**What is required:**
Exact copy, no pictures: return only the lines below from the line with "Personalized Dog Grooming" up to and including the line with "Gold Shilajit Gummies".

**Records supplied:**
──────────

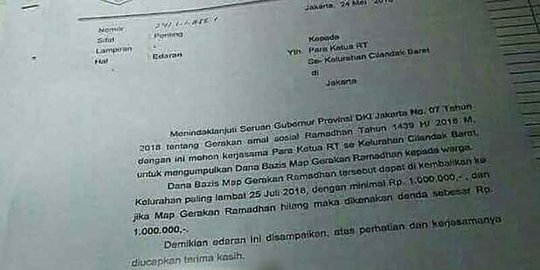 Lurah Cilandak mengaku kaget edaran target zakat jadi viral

──────────

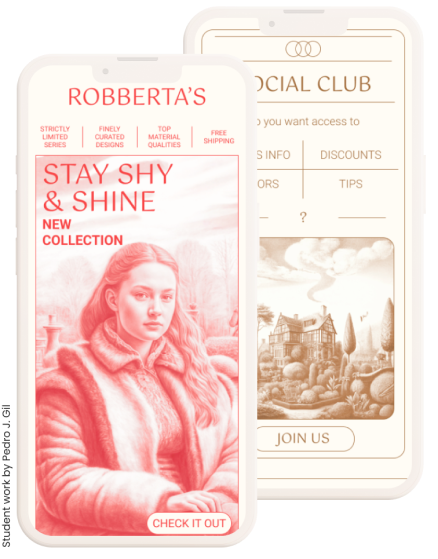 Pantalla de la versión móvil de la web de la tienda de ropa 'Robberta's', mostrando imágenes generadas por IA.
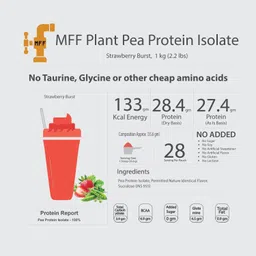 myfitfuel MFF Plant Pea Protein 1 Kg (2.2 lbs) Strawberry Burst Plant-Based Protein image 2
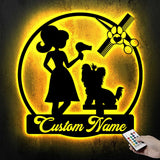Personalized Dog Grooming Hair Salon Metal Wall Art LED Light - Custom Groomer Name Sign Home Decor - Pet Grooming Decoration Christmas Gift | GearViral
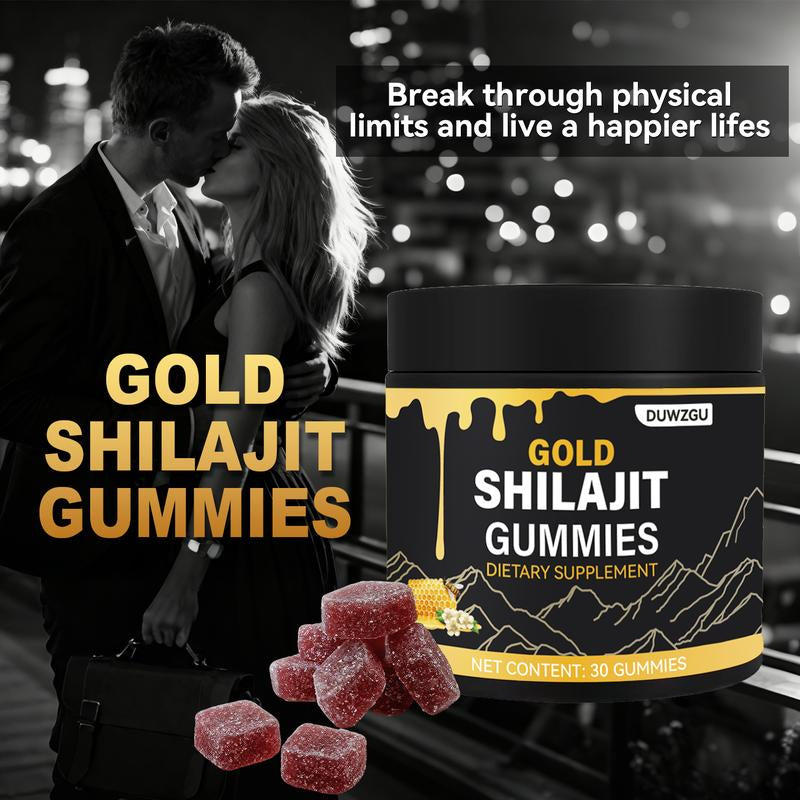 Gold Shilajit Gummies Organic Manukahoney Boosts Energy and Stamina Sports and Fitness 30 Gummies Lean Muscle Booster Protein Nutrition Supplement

──────────

**Response to the exercise:**
Personalized Dog Grooming Hair Salon Metal Wall Art LED Light - Custom Groomer Name Sign Home Decor - Pet Grooming Decoration Christmas Gift | GearViral
 Gold Shilajit Gummies Organic Manukahoney Boosts Energy and Stamina Sports and Fitness 30 Gummies Lean Muscle Booster Protein Nutrition Supplement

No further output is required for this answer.